Modern physical theories tend to have what is called "supersymmetry". This is a type of symmetry that always looks the same from every direction, even if you cut the figure into little pieces. For example, cut one of your spheres up and you just get more spheres. A holographic picture of a ball is a common example of this type of symmetry. No matter how many piecies you cut the holographic film into each piece retains the overall picture of ball instead of a corner here, a center piece there.

 

[fuzzyfelt]

The hardest one so far is the snake, which would have to wiggle quite a bit to tend to look like a sphere. But indeed, it would, averaged overtime. So many things tend to look like spheres. QUOTE]

Snake shapes reminds me of the hat in "The Little Prince"
http://basak.typepad.com/.a/6a00d83455b25469e201156e499e03970c-320wi
or Ouroboros.
http://en.wikipedia.org/wiki/Ouroboros


edit: Good OP username, btw

 

[brainstorm]

I like spheres because they represent flat planes in a coordinate matrix skewed by centripetal force. I wonder if anyone ever thinks that the same way the Earth appears flat on the surface, the solar system, galaxy, etc. might just appear flat because of our location on its "surface." I don't know how this could be possible considering that galaxies are observed to be flat at a far distance, but then maybe each galaxy is just a "plate" on the surface of an expanding sphere.

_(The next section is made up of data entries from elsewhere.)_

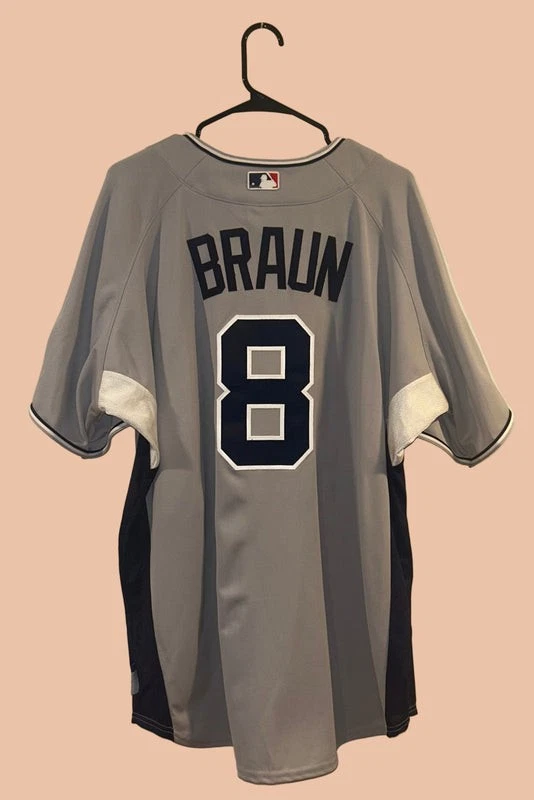 Ryan Braun #8 Brewers Majestic 2008 All-Star Jersey Gray XL NWOT - Image 2 of 4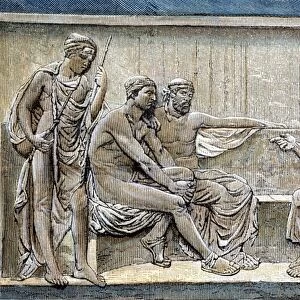 Socrates teaching the people in the Agora: engraving, 19th century, after a bas-relief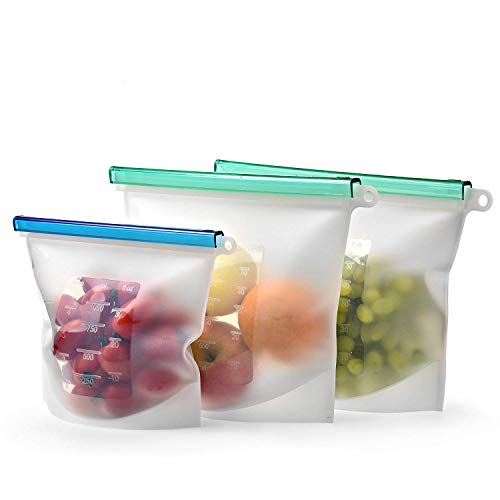 Preisvergleich Produktbild Dyna-Living Wiederverwendbare Aufbewahrungstasche, 3-teilige, luftdichte Reißverschlussbeutel Halten Sie Ihre Lebensmittel frisch. Tasche zum Kochen,Mittagessen, Snack, Sandwich, Gefrierschrank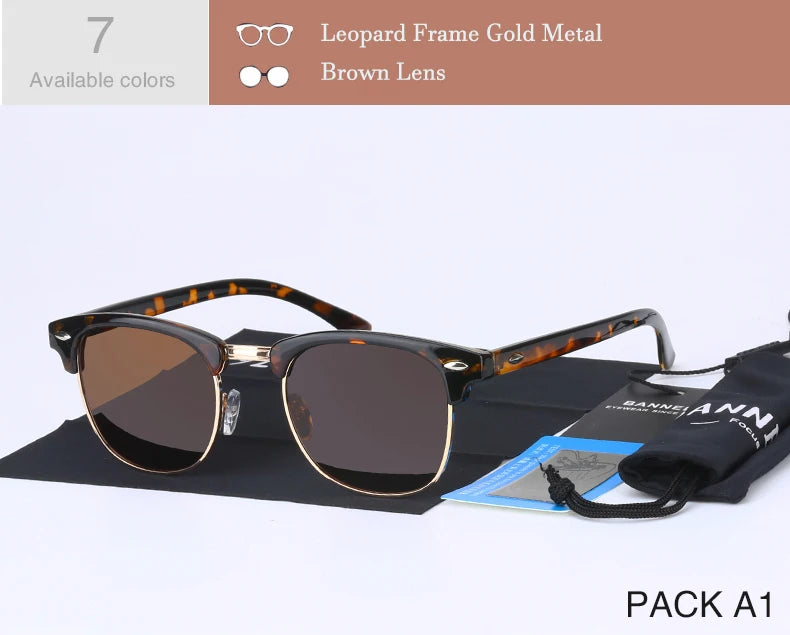 UV400 HD Polarized Sunglasses - Classic Semi-Rimless Fashion Shades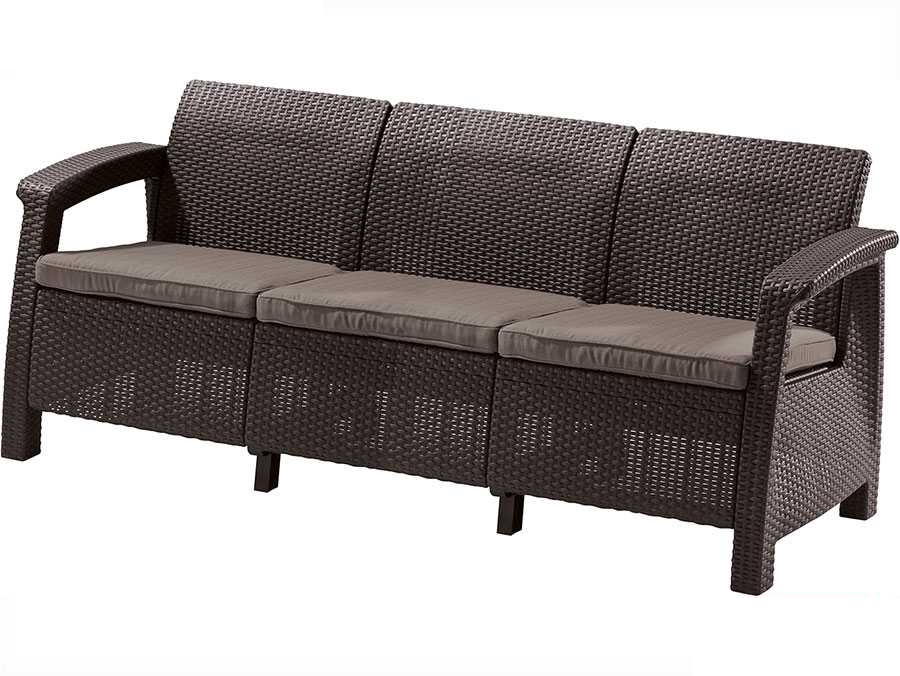 Dārza dīvāns trīsvietīgs Corfu Love Seat Max brūns (29197959599)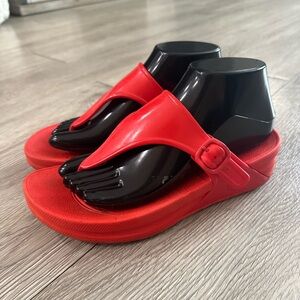 FitFlop Orange Red Super Jelly Thong Sandals Women’s Sz 8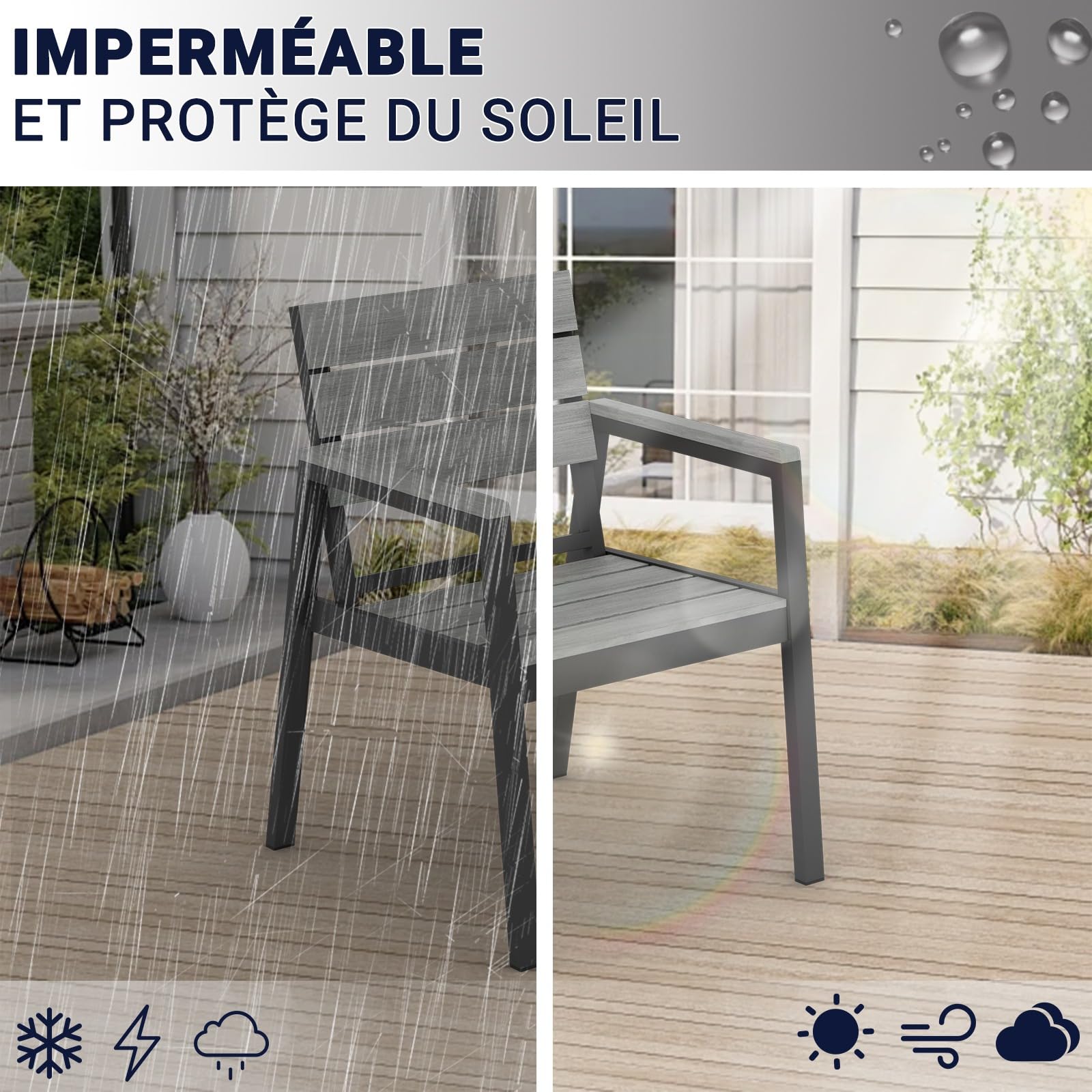 Devoko Chaises de Jardin Lot de 6, HDPS Chaises d'Extérieur en Aluminium Résistantes Imperméables avec Finition à Veine de Bois, Assise de Taille Améliorée Supportant 160 kg, Faciles à Nettoyer, Gris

Anyway, the point wasn't really to speculate but to illustrate that there is a perceptual tension between 2D planes and sphere-surfaces where centripetal force is present - I just wonder how much this effect could explain.

 

[novop]

Who needs centripetal force? A large enough sphere will appear to be flat in local areas, regardless of what forces are acting on it.

 

[brainstorm]

Who needs centripetal force? A large enough sphere will appear to be flat in local areas, regardless of what forces are acting on it.

I guess that's a good point, but wouldn't that be true of any 3D shape, such as an egg or a doughnut? I like the centripetal force because it causes the sphere's surface to be literally flat in terms of all lines of force being perpendicular to the surface. Would this be true of any other 3D shape?

 

[novop]

Sure. But objects with a much higher curvature would have to be relatively larger to provide that same sense of "flatness".